O presente estudo tem como objetivo conhecer elementos que contribuem para um ambiente facilitador ou dificultador para a participação e autoconfiança materna no cuidado ao recém-nascido prematuro extremo.
MÉTODO
Trata-se de um estudo com métodos mistos combinando abordagem qualitativa e quantitativa em uma mesma investigação visando aumentar a abrangência e a compreensão aprofundada do tema, considerando o caráter de complementaridade entre as duas abordagens (Creswell & Clark, 2013).
O estudo foi fundamentado a partir do referencial Winnicottiano, o qual adota o entendimento de que a relação mãe-bebê é fundante para o desenvolvimento de um indivíduo e o ambiente é o veículo propiciador de condições físicas e psicológicas (Winnicott, 1988/2020).
Foi realizado em uma instituição filantrópica especializada na assistência materno-infantil que atende, exclusivamente, usuários do Sistema Único de Saúde (SUS), em Belo Horizonte, Minas Gerais. Além dos leitos obstétricos, a instituição conta com 51 leitos de UTIN e equipe multiprofissional para o cuidado ao recém-nascido e família durante a internação. Os pais possuem livre acesso às UTINs e é disponibilizado para as mães o Espaço de Sofias, local que oferece condições de permanência em período integral, incluindo acompanhamento pela equipe multiprofissional (Hospital Sofia Feldman [HSF], 2021).

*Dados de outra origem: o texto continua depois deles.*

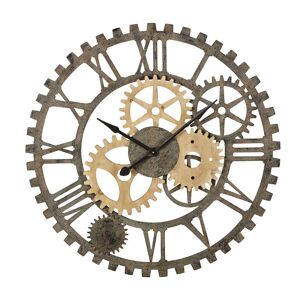 Maisons du Monde Reloj con engranajes de abeto y metal negro D.100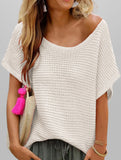 fashionable casual round neck solid color knitted sleeve top
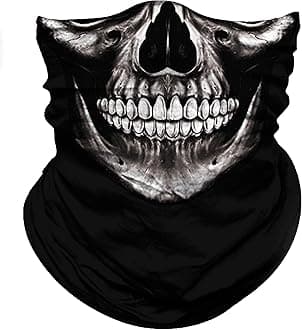 Obacle Motorcycle Face Mask Sun UV Dust Wind Protection Tube Mask Seamless Bandana Skeleton Face Mask for Men Women Bike Riding Cycling Biker Outdoor Festival (Skull Neat Teeth Black Face)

Participaram deste estudo 11 mães de bebês internados na UTIN. Foram considerados critérios de inclusão ser mãe de bebê prematuro extremo, internados na UTIN por pelo menos 7 dias, com idade igual ou superior a 18 anos e alfabetizada. Os critérios de exclusão foram mães com diagnósticos de distúrbios psiquiátricos e/ou comprometimento cognitivo, constatados por meio de verificação de registros no prontuário do recém-nascido.

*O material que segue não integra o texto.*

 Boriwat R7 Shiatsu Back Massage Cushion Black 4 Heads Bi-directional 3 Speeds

Para a coleta de dados utilizou-se a entrevista semiestruturada (Minayo, 2014), a Escala de crenças dos pais de recém-nascidos prematuros (ECP-UTIN) (Piva et al.,2018) e a consulta aos prontuários do recém-nascido, para levantamento de informações sociodemográficas maternas e das condições clínicas do bebê.
A entrevista semiestruturada buscou identificar aspectos da vivência das mães no ambiente da UTIN no que se refere à relação com o bebê e com a equipe de profissionais que podem se configurar como fatores facilitadores e dificultadores para a autoconfiança materna no cuidado. Foram formuladas as seguintes questões: Como você participa do cuidado ao seu bebê internado na UTIN?; Qual sua percepção sobre o cuidado realizado pela equipe durante a internação do seu bebê na UTIN?; Durante o cuidado com o bebê, o que a equipe faz que pode facilitar ou dificultar a aproximação entre você e seu bebê?.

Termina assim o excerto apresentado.